Certes dès l’annonce d’un prochain cessez-le-feu
La déclaration du maréchal PETAIN du 16 juin 1940 - D’autres comme le général COCHET avaient déclaré qu’ils poursuivraient la lutte, et le 18 juin ce fut l’appel de Londres du général de GAULLE qui catalysa les énergies en France, pour ceux qui l’entendirent, et pour les Français libres qui vont le rejoindre à Londres et dans l’empire.
Le capitaine Henri FRENAY est un cas.

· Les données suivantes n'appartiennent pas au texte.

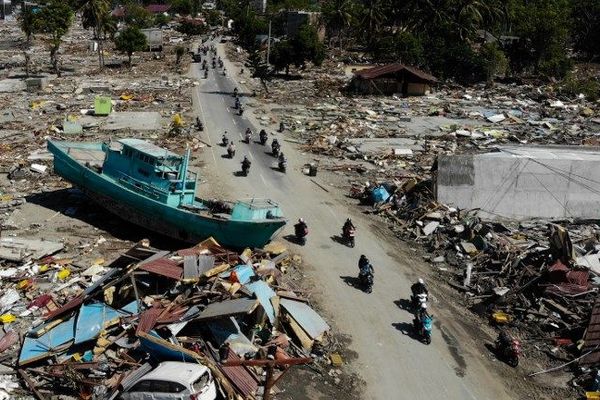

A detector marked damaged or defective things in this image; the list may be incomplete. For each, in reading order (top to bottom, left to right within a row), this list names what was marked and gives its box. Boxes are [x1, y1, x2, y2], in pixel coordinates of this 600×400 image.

rusty metal sheet [139, 258, 182, 280]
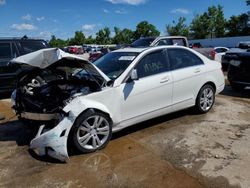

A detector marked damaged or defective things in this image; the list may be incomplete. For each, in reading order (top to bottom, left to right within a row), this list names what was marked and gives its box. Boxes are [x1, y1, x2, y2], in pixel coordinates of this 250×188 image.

crumpled hood [10, 47, 110, 82]
damaged front end [10, 48, 110, 162]
damaged bumper [29, 116, 73, 162]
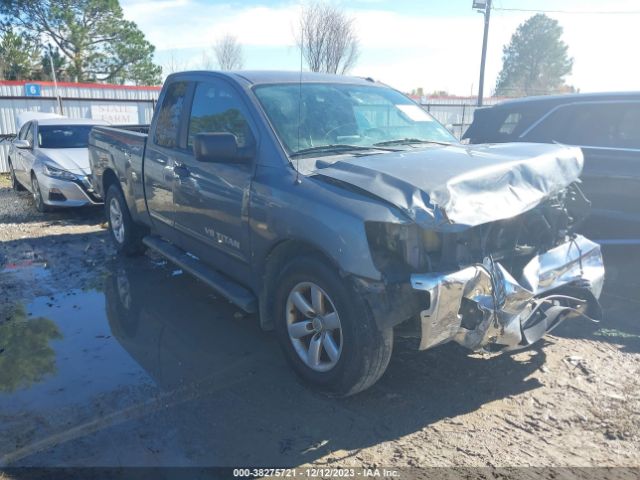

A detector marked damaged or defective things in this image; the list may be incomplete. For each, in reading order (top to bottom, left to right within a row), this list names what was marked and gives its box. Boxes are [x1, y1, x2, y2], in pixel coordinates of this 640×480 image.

crumpled hood [38, 149, 91, 175]
crumpled hood [316, 142, 584, 231]
damaged nissan titan [89, 70, 604, 394]
broken headlight [364, 222, 440, 278]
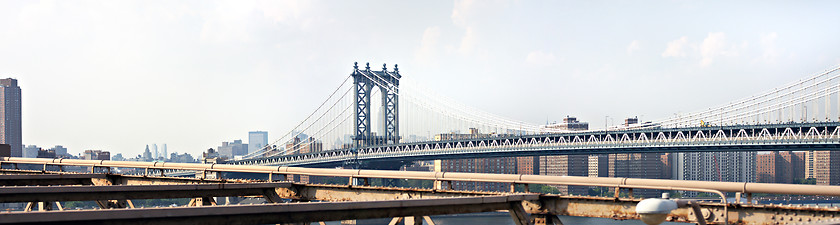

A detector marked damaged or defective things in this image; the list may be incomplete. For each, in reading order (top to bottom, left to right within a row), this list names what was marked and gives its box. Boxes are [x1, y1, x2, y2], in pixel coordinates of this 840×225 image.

rusted metal beam [0, 182, 290, 203]
rusted metal beam [0, 194, 540, 224]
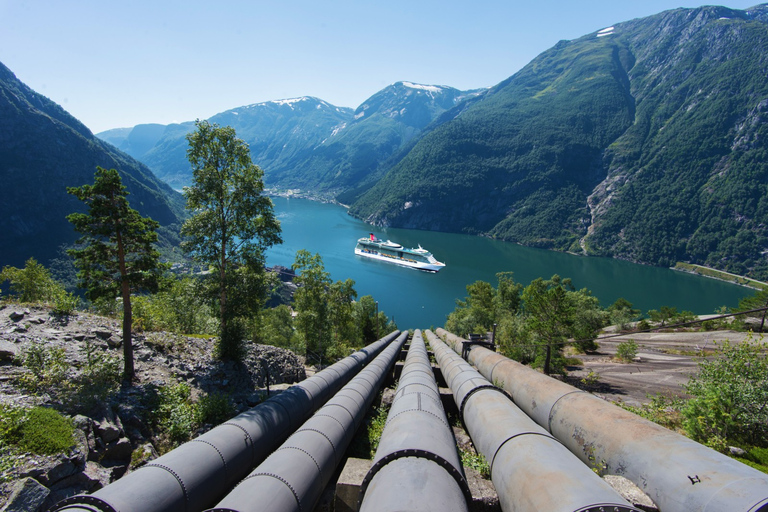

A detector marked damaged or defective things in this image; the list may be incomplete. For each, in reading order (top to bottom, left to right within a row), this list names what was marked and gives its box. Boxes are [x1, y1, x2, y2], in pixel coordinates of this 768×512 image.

Natif de Lyon, il y est né le 19 novembre 1905, originaire d’une famille d’officier de carrière, très proche des milieux religieux catholiques pratiquant, ne s’occupant absolument pas de politique, son père disparaît dans la tourmente de la grande guerre et c’est donc sa mère, seule qui va l’élever à Lyon où il fait ses études au lycée Ampère, il va y passer son baccalauréat et préparer Saint Cyr qu’il intègre en 1924.
Brillant élève il en sort sous-lieutenant, deux ans après en 1926, en 1934 il est capitaine dans l’Est de la France au 10° bataillon de mitrailleurs, puis dans d’autres unités au gré des mutations comme au 156° régiment d’infanterie, également il sert en Syrie de 1929 à 1932 dans un régiment de tirailleurs tunisiens, dans un bataillon local formé d’assyro-chaldéens ; ce séjour particulièrement bénéfique pour lui, lui fait saisir toutes les difficultés que peut rencontrer un jeune officier servant hors de la métropole.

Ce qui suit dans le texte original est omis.